Sedangkan al-Qurtubi mengomentari hal tertsebut berkata, bahwa bilangan dua,
tiga, empat, ini bukan menunjukkan diperbolehkannya mempunyai sembilan istri,
karena hal tersebut bertentangan dengan sunnah Rasul dan kesepakatan ulama yang
ada.
Bahkan ada
juga yang berpendapat bahwa wawu disitu berfaedah untuk mengumpulkan, pendapat
mereka didasarkan bahwa Nabi Saw. juga menikah dengan sembilan istri. Bahkan
sebagian dari mereka berpendapat lebih jauh lagi, yaitu boleh mempunyai delapan
belas istri. Lagi-lagi al-Qurtubi menyanggah bahwa pendapat tersebut adalah
pendapat orang-orang yang tidak mengerti bahasa dan tidak faham sunnah Nabi
Saw. dan tentu saja bertentangan dengan kesepakatan umat, karena belum pernah
ada seorang sahabat ataupun tabi’in yang berpoligami lebih dari empat, dan
begitu juga Ghailan yang beristri sepuluh wanita, ketika hendak masuk Islam
Nabi menyuruh untuk memilih empat diantaranya dan menceraikan yang lainnnya[10]. Maka
secara garis besar para Ulama salaf memperbolehkan poligami dengan berbagai
syarat dan ketentuan mampu berlaku adil kepada seluruh istrinya dalam hal
materi dan nafaqohnya.
C. Pendapat
Kontemporer
Untuk memahami
ayat diatas, para ulama kontemporer menggunakan pendekatan tafsir maudlu’i
(tematik) untuk lebih dapat menangkap pesan yang dikehendaki oleh ayat tersebut
dan tidak menafsirkan secara parsial dan terpisah-pisah. Jelas ayat ini sangat
berkaitan erat dengan dua ayat sebelumnya, ayat pertama berbunyi :
يَا أَيُّهَا النَّاسُ اتَّقُوا رَبَّكُمُ الَّذِي خَلَقَكُمْ مِنْ
نَفْسٍ وَاحِدَةٍ وَخَلَقَ مِنْهَا زَوْجَهَا وَبَثَّ مِنْهُمَا رِجَالًا كَثِيرًا
وَنِسَاءً وَاتَّقُوا اللَّهَ الَّذِي تَسَاءَلُونَ بِهِ وَالْأَرْحَامَ إِنَّ
اللَّهَ كَانَ عَلَيْكُمْ رَقِيبًا.
“Hai sekalian manusia, bertakwalah kepada
Tuhan-mu yang Telah menciptakan kamu dari seorang diri, dan dari padanya Allah
menciptakan isterinya; dan dari pada keduanya Allah memperkembang biakkan
laki-laki dan perempuan yang banyak. dan bertakwalah kepada Allah yang dengan
(mempergunakan) nama-Nya kamu saling meminta satu sama lain, dan (peliharalah)
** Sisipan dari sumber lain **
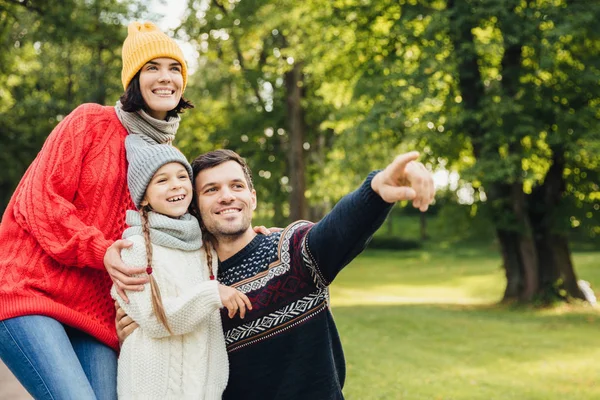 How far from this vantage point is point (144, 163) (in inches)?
112

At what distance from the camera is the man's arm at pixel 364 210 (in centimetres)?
224

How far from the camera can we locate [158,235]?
9.12ft

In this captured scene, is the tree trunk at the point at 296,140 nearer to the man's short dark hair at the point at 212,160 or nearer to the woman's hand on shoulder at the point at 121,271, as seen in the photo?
the man's short dark hair at the point at 212,160

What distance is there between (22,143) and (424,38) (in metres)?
11.0

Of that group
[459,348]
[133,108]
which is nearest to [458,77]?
[459,348]

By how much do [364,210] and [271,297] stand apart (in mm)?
631

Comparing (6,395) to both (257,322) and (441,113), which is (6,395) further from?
(441,113)

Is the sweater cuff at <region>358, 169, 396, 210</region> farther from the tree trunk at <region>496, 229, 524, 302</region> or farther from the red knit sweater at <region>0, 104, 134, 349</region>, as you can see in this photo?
the tree trunk at <region>496, 229, 524, 302</region>

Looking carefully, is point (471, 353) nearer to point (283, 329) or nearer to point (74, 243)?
point (283, 329)

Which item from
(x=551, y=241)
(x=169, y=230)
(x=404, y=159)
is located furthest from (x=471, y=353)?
(x=404, y=159)

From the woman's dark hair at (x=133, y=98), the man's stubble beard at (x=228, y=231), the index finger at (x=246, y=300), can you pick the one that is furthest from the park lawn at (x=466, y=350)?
the woman's dark hair at (x=133, y=98)

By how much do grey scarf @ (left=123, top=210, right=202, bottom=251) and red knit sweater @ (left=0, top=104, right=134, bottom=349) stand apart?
12 centimetres

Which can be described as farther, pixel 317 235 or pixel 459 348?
pixel 459 348

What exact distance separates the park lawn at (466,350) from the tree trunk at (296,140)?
3218mm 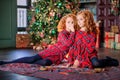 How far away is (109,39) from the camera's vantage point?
8.46 metres

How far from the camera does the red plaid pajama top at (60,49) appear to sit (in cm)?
419

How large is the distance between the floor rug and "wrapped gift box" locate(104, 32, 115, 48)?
14.5ft

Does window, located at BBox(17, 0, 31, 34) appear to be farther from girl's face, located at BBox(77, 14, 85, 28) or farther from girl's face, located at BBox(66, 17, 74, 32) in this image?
girl's face, located at BBox(77, 14, 85, 28)

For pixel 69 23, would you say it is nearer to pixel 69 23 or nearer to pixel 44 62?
pixel 69 23

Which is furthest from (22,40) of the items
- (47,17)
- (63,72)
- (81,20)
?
(63,72)

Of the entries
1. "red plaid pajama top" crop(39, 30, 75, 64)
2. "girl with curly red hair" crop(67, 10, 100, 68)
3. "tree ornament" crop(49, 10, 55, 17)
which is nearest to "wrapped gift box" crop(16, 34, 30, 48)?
"tree ornament" crop(49, 10, 55, 17)

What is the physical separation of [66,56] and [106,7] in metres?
4.69

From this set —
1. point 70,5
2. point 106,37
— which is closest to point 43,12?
point 70,5

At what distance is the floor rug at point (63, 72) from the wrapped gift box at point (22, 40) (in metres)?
3.67

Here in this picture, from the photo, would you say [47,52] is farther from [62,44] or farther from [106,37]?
[106,37]

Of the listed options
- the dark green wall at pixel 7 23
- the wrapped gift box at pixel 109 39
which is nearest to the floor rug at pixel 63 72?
the dark green wall at pixel 7 23

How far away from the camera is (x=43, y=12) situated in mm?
7691

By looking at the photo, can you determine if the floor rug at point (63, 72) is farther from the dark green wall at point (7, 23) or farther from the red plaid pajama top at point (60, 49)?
the dark green wall at point (7, 23)

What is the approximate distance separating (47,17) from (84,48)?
12.2ft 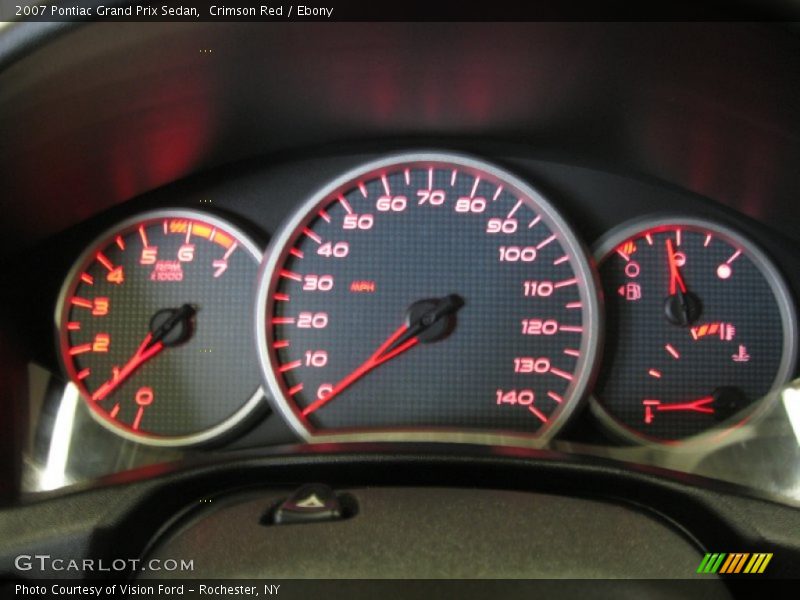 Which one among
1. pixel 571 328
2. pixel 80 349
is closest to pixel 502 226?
pixel 571 328

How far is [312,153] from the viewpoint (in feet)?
6.39

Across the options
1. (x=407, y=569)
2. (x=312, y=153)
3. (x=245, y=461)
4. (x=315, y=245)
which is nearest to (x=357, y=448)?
(x=245, y=461)

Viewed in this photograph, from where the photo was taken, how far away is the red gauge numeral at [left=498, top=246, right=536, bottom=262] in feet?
6.12

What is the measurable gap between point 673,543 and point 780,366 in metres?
0.91

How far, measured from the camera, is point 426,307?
183 cm

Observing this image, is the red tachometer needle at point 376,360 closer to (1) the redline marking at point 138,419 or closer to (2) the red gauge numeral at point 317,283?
(2) the red gauge numeral at point 317,283

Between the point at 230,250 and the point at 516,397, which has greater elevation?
the point at 230,250

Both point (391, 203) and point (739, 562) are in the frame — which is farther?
point (391, 203)

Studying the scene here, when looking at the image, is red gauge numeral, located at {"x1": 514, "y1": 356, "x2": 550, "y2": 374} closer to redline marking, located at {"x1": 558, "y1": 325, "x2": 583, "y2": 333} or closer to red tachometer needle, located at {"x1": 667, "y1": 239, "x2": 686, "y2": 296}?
redline marking, located at {"x1": 558, "y1": 325, "x2": 583, "y2": 333}

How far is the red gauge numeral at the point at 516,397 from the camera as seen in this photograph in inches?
71.3

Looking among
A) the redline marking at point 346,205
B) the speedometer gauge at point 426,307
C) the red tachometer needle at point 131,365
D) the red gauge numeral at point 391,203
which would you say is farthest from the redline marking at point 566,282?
the red tachometer needle at point 131,365

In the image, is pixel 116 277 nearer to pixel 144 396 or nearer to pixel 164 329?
pixel 164 329

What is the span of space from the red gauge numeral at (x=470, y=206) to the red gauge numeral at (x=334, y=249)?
10.8 inches

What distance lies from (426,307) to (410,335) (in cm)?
7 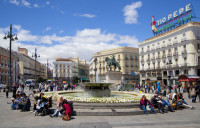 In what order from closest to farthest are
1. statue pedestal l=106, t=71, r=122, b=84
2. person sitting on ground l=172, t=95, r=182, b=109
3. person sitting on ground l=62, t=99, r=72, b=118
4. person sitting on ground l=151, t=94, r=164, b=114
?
person sitting on ground l=62, t=99, r=72, b=118 → person sitting on ground l=151, t=94, r=164, b=114 → person sitting on ground l=172, t=95, r=182, b=109 → statue pedestal l=106, t=71, r=122, b=84

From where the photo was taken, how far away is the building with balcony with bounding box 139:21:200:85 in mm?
38812

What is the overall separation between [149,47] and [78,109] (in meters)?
45.7

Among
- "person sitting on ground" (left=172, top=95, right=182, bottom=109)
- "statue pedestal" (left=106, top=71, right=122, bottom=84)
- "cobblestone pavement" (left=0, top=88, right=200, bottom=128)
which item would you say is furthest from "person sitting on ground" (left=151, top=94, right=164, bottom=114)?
"statue pedestal" (left=106, top=71, right=122, bottom=84)

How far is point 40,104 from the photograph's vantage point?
29.7 ft

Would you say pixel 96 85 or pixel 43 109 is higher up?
pixel 96 85

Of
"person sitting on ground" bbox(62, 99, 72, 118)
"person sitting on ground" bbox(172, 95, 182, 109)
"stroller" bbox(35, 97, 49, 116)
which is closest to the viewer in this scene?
"person sitting on ground" bbox(62, 99, 72, 118)

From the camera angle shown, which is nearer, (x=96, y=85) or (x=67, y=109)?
A: (x=67, y=109)

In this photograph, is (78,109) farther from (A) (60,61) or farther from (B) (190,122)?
(A) (60,61)

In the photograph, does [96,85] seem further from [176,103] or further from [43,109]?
[176,103]

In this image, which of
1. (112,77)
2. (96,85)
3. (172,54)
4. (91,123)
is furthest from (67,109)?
(172,54)

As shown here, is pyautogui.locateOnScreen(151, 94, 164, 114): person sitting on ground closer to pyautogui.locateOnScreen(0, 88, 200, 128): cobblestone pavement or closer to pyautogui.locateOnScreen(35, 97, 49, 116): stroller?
pyautogui.locateOnScreen(0, 88, 200, 128): cobblestone pavement

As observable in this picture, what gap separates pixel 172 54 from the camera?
4378cm

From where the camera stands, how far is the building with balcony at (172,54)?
38.8 metres

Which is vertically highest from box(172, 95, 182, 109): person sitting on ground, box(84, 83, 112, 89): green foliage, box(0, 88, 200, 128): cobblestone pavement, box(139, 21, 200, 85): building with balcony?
box(139, 21, 200, 85): building with balcony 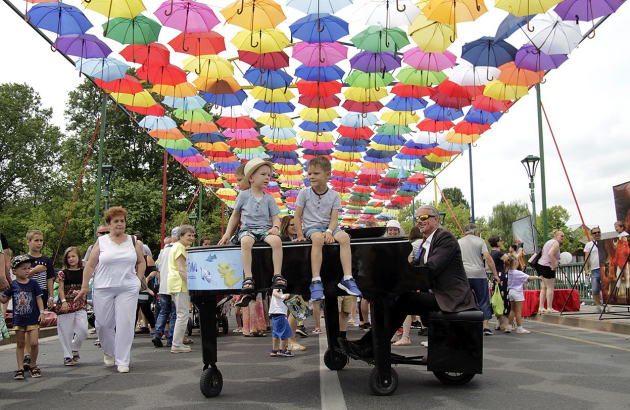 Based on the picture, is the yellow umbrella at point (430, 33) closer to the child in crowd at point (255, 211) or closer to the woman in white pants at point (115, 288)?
the child in crowd at point (255, 211)

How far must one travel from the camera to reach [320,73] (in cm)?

hubungan silaturrahim. Sesungguhnya Allah selalu menjaga dan Mengawasi kamu.”
Dimana ayat
pertama berisi tentang perintah pada manusia untuk bertakwa pada Allah sebagai
wujud dari kesadaran dirinya sebagai makhluk dan kesadaran bahwa sesungguhnya
Allah adalah yang Maha Pencipta, dan juga peringatan bagi manusia agar bertakwa
pada Allah karena atas nama-Nya manusia saling meminta satu sama lain. Sedangkan
ayat kedua berbunyi :
وَآتُوا الْيَتَامَى
أَمْوَالَهُمْ وَلَا تَتَبَدَّلُوا الْخَبِيثَ بِالطَّيِّبِ وَلَا تَأْكُلُوا
أَمْوَالَهُمْ إِلَى أَمْوَالِكُمْ إِنَّهُ كَانَ حُوبًا كَبِيرًا.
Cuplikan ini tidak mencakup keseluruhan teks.